(Entries shown Opens)

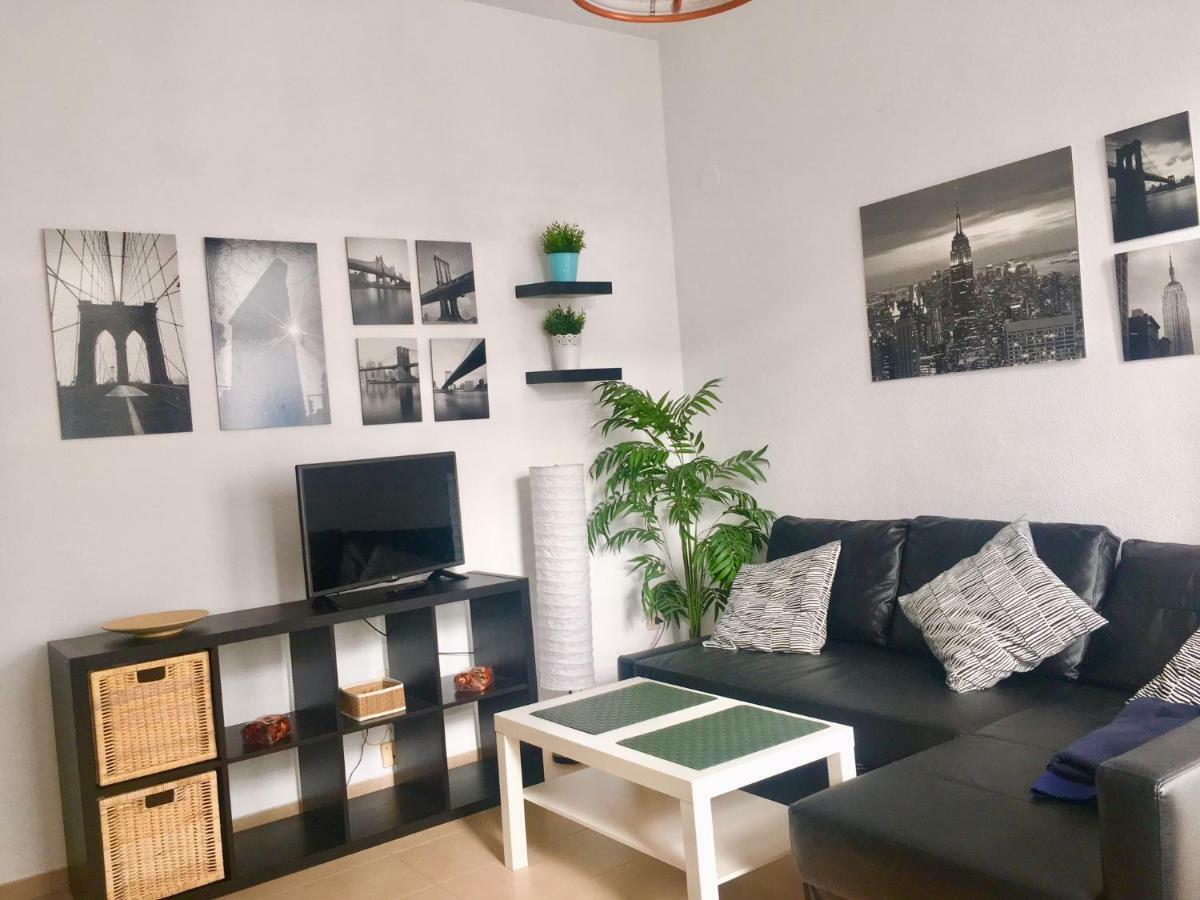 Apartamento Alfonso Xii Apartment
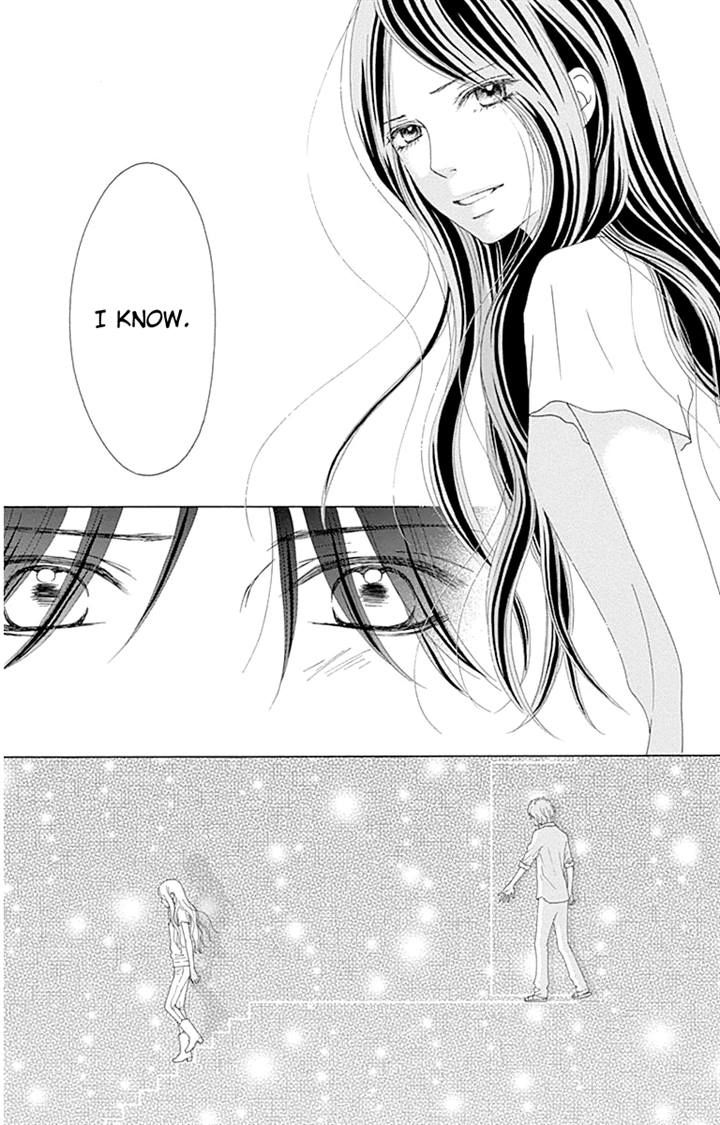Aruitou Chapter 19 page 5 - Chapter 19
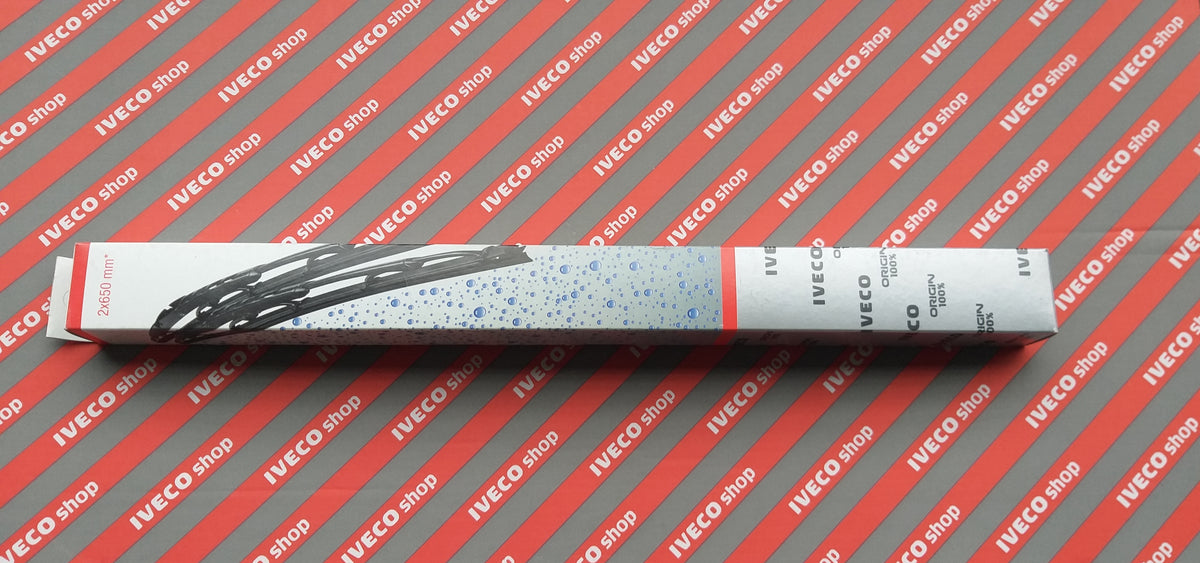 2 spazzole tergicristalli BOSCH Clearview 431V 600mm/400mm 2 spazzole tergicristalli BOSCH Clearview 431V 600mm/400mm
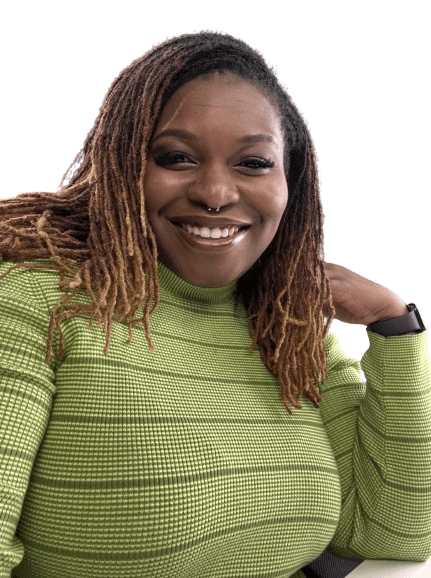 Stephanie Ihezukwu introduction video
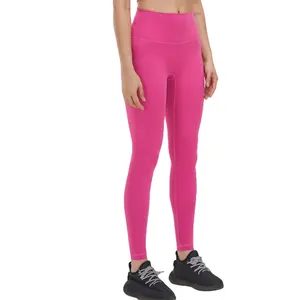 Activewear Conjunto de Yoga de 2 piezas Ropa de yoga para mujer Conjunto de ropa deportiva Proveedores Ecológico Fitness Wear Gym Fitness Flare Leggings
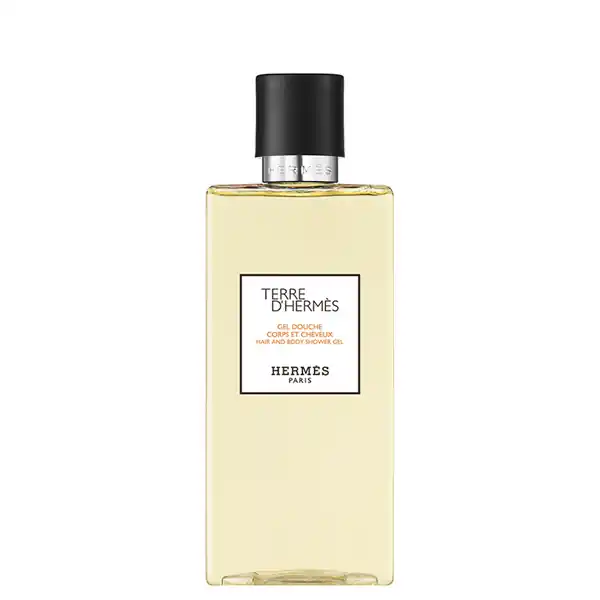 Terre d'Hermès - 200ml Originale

(Entries shown Closes)

Work order:
The data above must be copied exactly. Leave out the pictures.

Exercise answer:
 Apartamento Alfonso Xii Apartment
Aruitou Chapter 19 page 5 - Chapter 19
 2 spazzole tergicristalli BOSCH Clearview 431V 600mm/400mm 2 spazzole tergicristalli BOSCH Clearview 431V 600mm/400mm
 Stephanie Ihezukwu introduction video
 Activewear Conjunto de Yoga de 2 piezas Ropa de yoga para mujer Conjunto de ropa deportiva Proveedores Ecológico Fitness Wear Gym Fitness Flare Leggings
 Terre d'Hermès - 200ml Originale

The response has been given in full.